それは自分が幼い頃の夢であり、鞠(まり)つきをして遊んでいた自分にと近づいてくる一人の老人。
怖いと感じた彼は侍女の後ろに隠れてしまうも、老人はそれでも彼に近づこうとしてきます。
そんな老人から自分を守ろうとする母親に、壬氏は震えていました。
母親があんなにも怖い顔をするのは、なんでだろうと。
そして老人は老婆が引き連れてきたお連れによって連れて行かれ、何かを落として宮殿の奥へと連れて行かれます。
そして目覚めた壬氏は思い出します。
あれはかつての自分の父であり、そして老婆は祖母だったと、そして皇帝である彼は実の兄である。
複雑な出自を抱えていた壬氏は、この事実をいつまでも猫猫には隠せないと考えていました。
もし知ってしまったのなら、彼女は今後どう自分と向き合ってくれるのかと、その事を考えながらに夜を過ごしていました。
そんな壬氏の想いをよそに、翡翠宮では大忙しと、大掃除に明け暮れていました。
今日はやけに厳しいなと猫猫が想う中、訪れてきたのは、なんと皇太后様。
これは確かに気を張る事だと思いながら、皇太后の応対に駆り出された猫猫。
そして彼女は、皇太后からある事を頼まれます。
その頼みとは?
第56話 先帝(前編)
私は先帝に呪いを掛けたのかもしれないと、とんでもない発言をしてきた皇太后に、猫猫は唖然としてます・・。
先の皇帝は、あまり世間の評価が良い人物ではありませんでした。
馬鹿殿と呼ばれ、女帝の傀儡(かいらい)とも呼ばれ、ついにはロリコンとも呼ばれた、愚かな皇帝。
多くの女性を娶る事の出来る立場でありながら、若い娘に手を出し、皇太后はまだ幼いにも関わらずに子を妊まされ、そして難産で産んだと知っていた猫猫。
その時の出産に立ち会ったのは、不幸な我が親父様と、複雑な経緯を知っていた猫猫にとっては、面白くない話でした。

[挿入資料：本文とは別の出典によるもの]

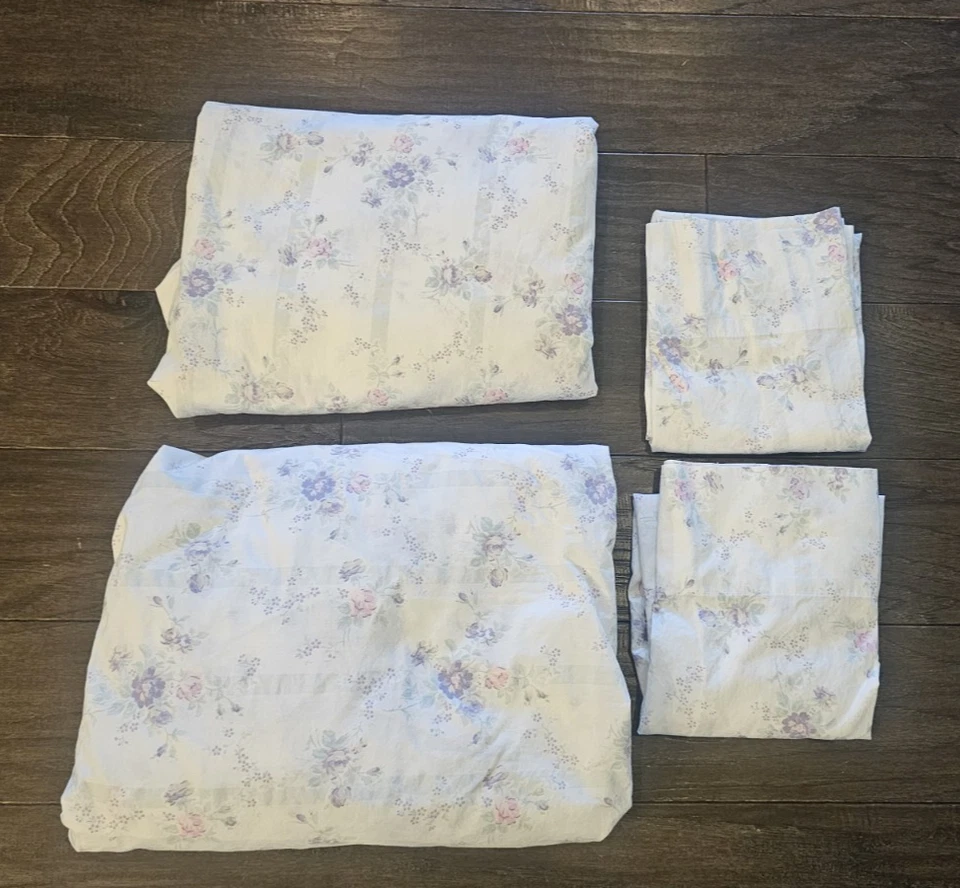 Juego de sábanas The Farmhouse Rachel Ashwell rosa púrpura floral menta rayas griegas reina Foto 1 de 4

難産で産まれた皇帝は、今では元気に育ち、その次の弟も身体は虚弱ではあるも過ごしているなど、猫猫は複雑な王宮の内部の事情をある程度は察していました。
そんな猫猫に、先帝に呪いを掛けてしまったのかと、その謎を解いて欲しいと頼んできた皇太后。
流石に断ることなどは出来ず、その謎を解くために案内された部屋は、王宮にも関わらず、どこか寂れ朽ちた、ほこりまみれ、絵の具まみれの部屋でした。

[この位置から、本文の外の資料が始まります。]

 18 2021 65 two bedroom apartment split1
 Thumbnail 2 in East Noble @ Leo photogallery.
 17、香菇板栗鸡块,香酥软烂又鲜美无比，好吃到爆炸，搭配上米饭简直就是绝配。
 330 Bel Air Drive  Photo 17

その部屋は先帝が身罷(みまか)られ、つまり最後を迎えられた場所でもあったのです。
はたして先帝の死には何が隠されているのでしょうか?
第57話 先帝(中編)
先帝が亡くなり、葬られるときに、その遺体は腐らずに生前の姿のままだったと、皇太后はそれが呪いのせいではないかと思っていました。

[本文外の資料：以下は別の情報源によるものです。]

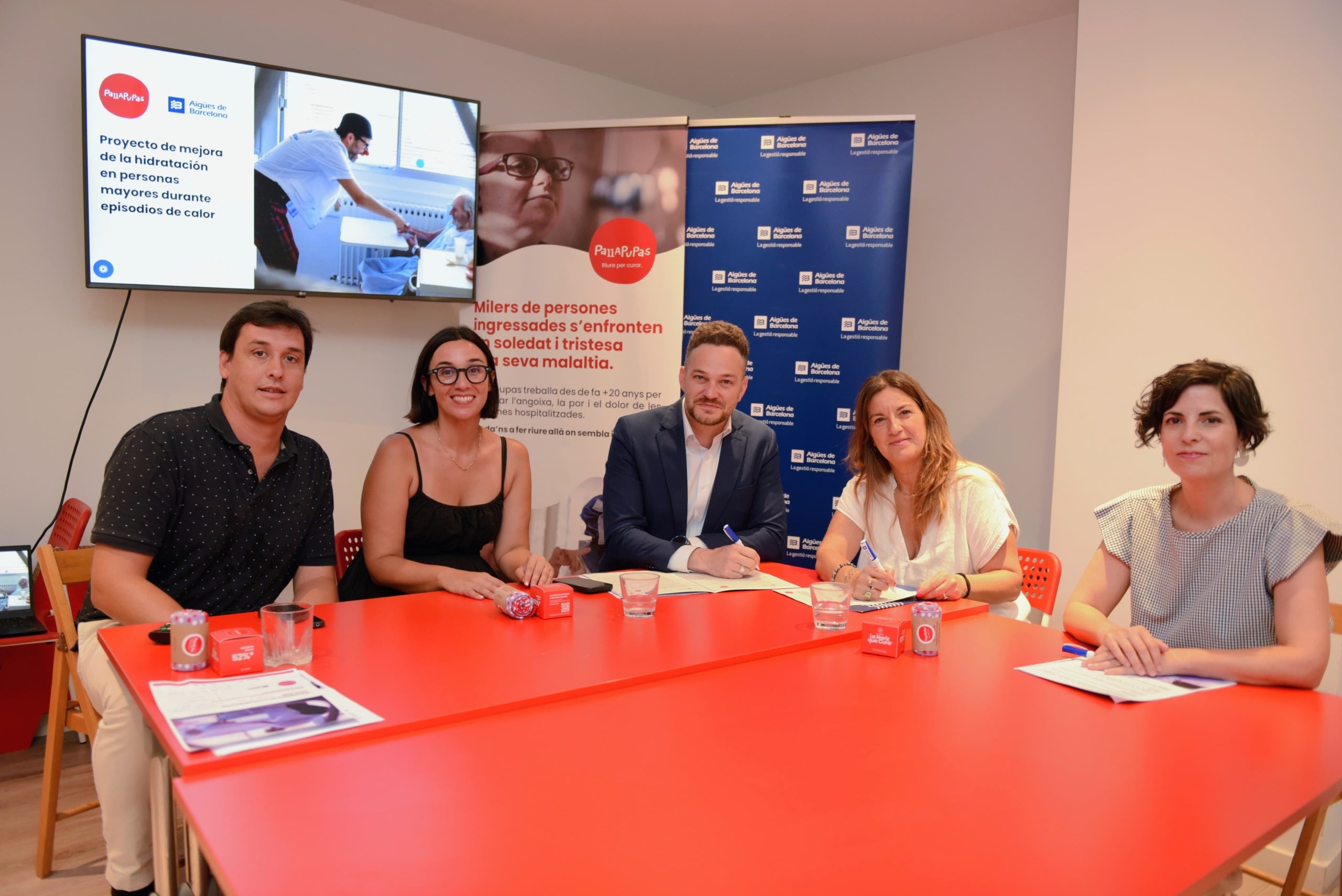 Aigües de Barcelona, que gestiona el cicle integral de l'aigua a l'àrea metropolitana, sempre busca col·laboracions amb agents socials, i en aquest cas ha formalitzat un acord amb Pallapupas, que té 26 anys d'experiència en el 'clowning' hospitalari / Cedida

自分が先帝を呪い、彼の身体は腐らずに、魂がまだ肉体に残っているのかと、不安を抱えていました。
最後に残った、あの部屋を取り壊す前に、その真偽を確かめて欲しいと頼まれた猫猫。
壬氏達との立ち会いの下、猫猫は部屋の中を調べて行きます。
床に絵の具の欠片や筆など幾つもが落ちており、猫猫は先帝がここで絵を描いていたのではと考えます。
皇太后に聞けば、一度だけ描いてもらったと告げる彼女の言葉に、先帝はここで絵を描いていたのだと確信し、この部屋の管理をしている宦官を呼んで欲しいと言います。
やってきたのは喋ることが出来ない宦官と、秘密を隠すにはうってつけの人物。
そして猫猫はあるモノを見つけます。
それは壁に広く貼られた一枚の紙。
何かを隠すように貼られた紙に、宦官の反応を見て、猫猫はその紙を剥がしてみました。
するとその下からは、一枚の絵が現われます。
その絵は、一人の女性の絵でした。
第58話 先帝(後編)
先帝の死因は、絵の具に使用されていた雄黄と呼ばれている石が原因だと猫猫は告げ、そして、その毒は防腐効果を持っている事も言い、腐らなかった先帝の死の謎は解けます。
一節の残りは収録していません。